At Logic class last week we saw how to solve a Sudoku using SAT and for fun I decided to actually try this out using Python. It turned out to be pretty trivial to implement and I thought I’d share the experience.

First of all let’s see how the Sudoku problem was described at class: we have a table with 9 rows and 9 columns;

  • 1. Each field [i, j] (where i=1..9 and j=1..9) has at least one value (between 1 and 9).
  • 2. Each field [i, j] (where i=1..9 and j=1..9) doesn’t have more than one value.
  • 3. There isn’t any repeated value in any row, column or 3×3 group.
  • 4. Some of the fields have a predefined value.

Now to implement this in code, first of all I needed a Python module implementing SAT solving. A quick search in Debian’s repositories gave me python-logilab-constraint, which I’ve found to be quite nice to use, even though it could definitely take some speed improvements.

Conditions 1 and 2 aren’t a problem at all, as logilab.constraint can be used quite naturally [0]. We just define a variable for each field (eg., x11 to x99, where the first number is the row and the second number is the column) and the domain in which they operate (integer value from 1 to 9):

values = range(1, 10) # [1..9]
variables = ["x%d%d" % (i, j) for j in values for i in values]
domains = {}

for variable in variables:
	domains[variable] = fd.FiniteDomain(values)

The 4th rule is also straightforward, we just need to hardcode the values. If we have a bidimensional list sudoku containing the initial numbers and None in all empty fields, we add each of them as a constraint:

constraints = []
for i, row in enumerate(sudoku):
	for j, field in enumerate(row):
		if field is None:
			continue
		variable = "x%d%d" % (i+1, j+1)
		constraints.append(fd.make_expression((variable,),
			"%s == %d" % (variable, field)))

Now only rule 3 remains; here we basically have to set up three more groups of constraints: one for rows, one for columns and one for the 3×3 groups. My initial implementation checked each row/column/group at once; for example, for the first row «x11 != x12 != x13 != … != x19», for the first column «x11 != x21 != … != x91», etc. However, this proved to be extremely slow, and after checking the «Performance considerations» section of Logilab Constraint’s documentation I split up the row and column conditions [1] to lots of smaller conditions, as in: «x11 != x12», «x11 != x13», «x11 != x14», etc. I also moved the constraints for the initial numbers to the top (I had them at the end of the constraints list before), as they are the simplest ones. With those changes resolution time changed from several minutes to some tenths of a second.

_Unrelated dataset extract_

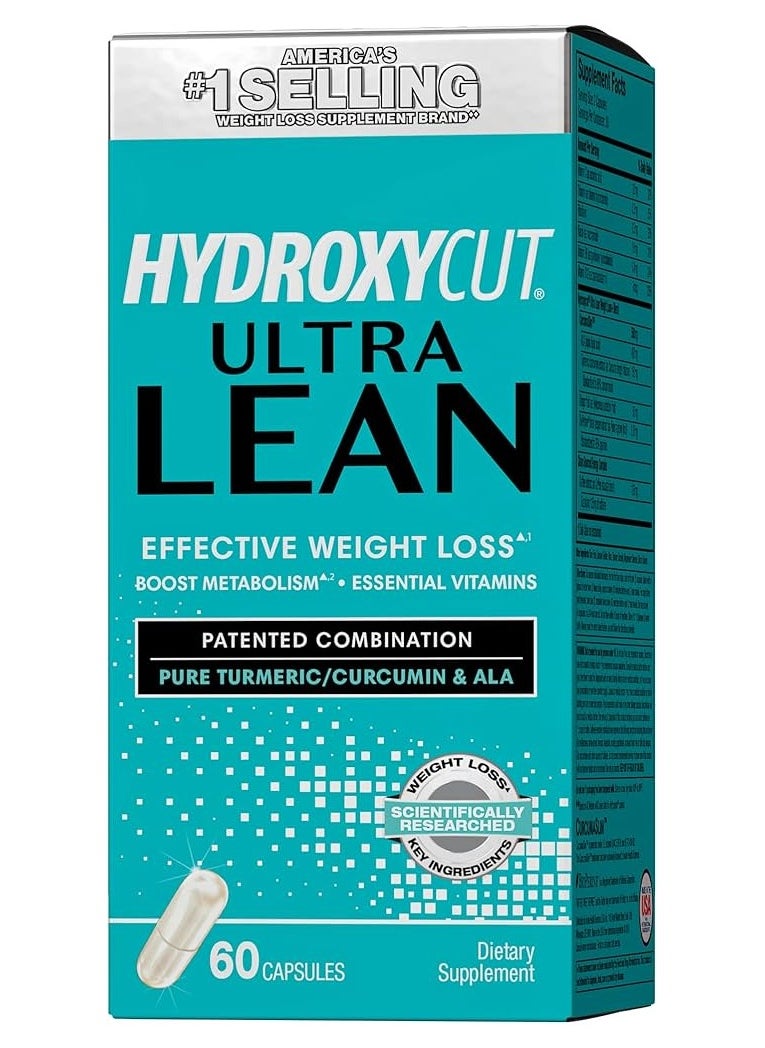 Hydroxycut Ultra Lean Healthy Weight Loss, Turmeric Curcumin & Alpha Lipoic Acid Supplement, Energy & Metabolism Booster, 60 Pills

And this is it. After all constraints have been added, we just need to run the solver:

repository = Repository(variables, domains, constraints)
solutions = Solver().solve(repository)

The complete code is available via Bazaar at lp:~rainct/+junk/sudoku-sat. Being completely new to the logilab.constraints module, or implementing any such stuff at all, it took me around half an hour to write this, which shows how SAT makes such sort of problems really straightforward.


[0] Using logilab.constraint it’s possible to assign arbitrary Python data to variables (here we just give each an integer, but variables could also take tuples or whatever else). When this problem was presented at class using pure propositional logic it was a bit more cumbersome, as we couldn’t just say “there’s a variable x11 with domain [1..9]”. For instance, rule 1 was «(p111 | p112 | p113 | … | p119) and (p121 | … | p129) …», where “p111″ would be True if field [1,1] is supposed to contain a one, “p112″ is True if it’s supposed to contain a two, etc.
[1] I didn’t bother also splitting up he 3×3 group constraints since the other two changes already gave me enough of a speedup; changing that may squeeze a few msecs more out of it.
P.S.: If you’d like a more formal explanation of this, a search on Google found this paper: A SAT-based Sudoku Solver.